The butcher at the “mercado” of San Francisco. A carnivore's best friend.
“Chilpachole” Who likes shrimp? And what does this shot glass full of dark red/brown soup have to do with shrimp. Well, let me explain, as part of your “botanitas” (free snacks before your meal) at Tio Fitos, the server will come around with what looks like a diner thermus but instead of coffee coming out, a small glass of “Chilpachole” is poured. A thick bisque made from boiling mostly shrimp, arbol chili, tomatoes, epazote, guajillo peppers, garlic, onion, and lime.
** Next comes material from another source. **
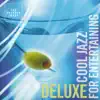 Deluxe - Cool Jazz for Entertaining album lyrics, reviews, download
Also a common drink found in the cantinas, aka the true Mexican Bloody Mary - seafood style 🍤.
Deep in the Mexican state of Campeche you will find the mayan ruins of Edzna. One of my favorite Mayan ruins and shall I dare say I think it’s more impressive than Chichen Itza. It is extremely well preserved and gets only a trickle of visitors a day which makes for a tranquil walk through the ancient mayan past.
“Chilaquiles,” my favorite breakfast food by far! A bottom layer of lightly fried corn tortillas smothered in your choice of a red or green sauce or both if your feeling adventurous. Then on top goes a drizzle of fresh cream sauce (not sour cream) with crumbled Queso Fresco (cheese) and two fried eggs. BOOM SHAKA! Thanks "Los Abuelos Campeche" restaurant.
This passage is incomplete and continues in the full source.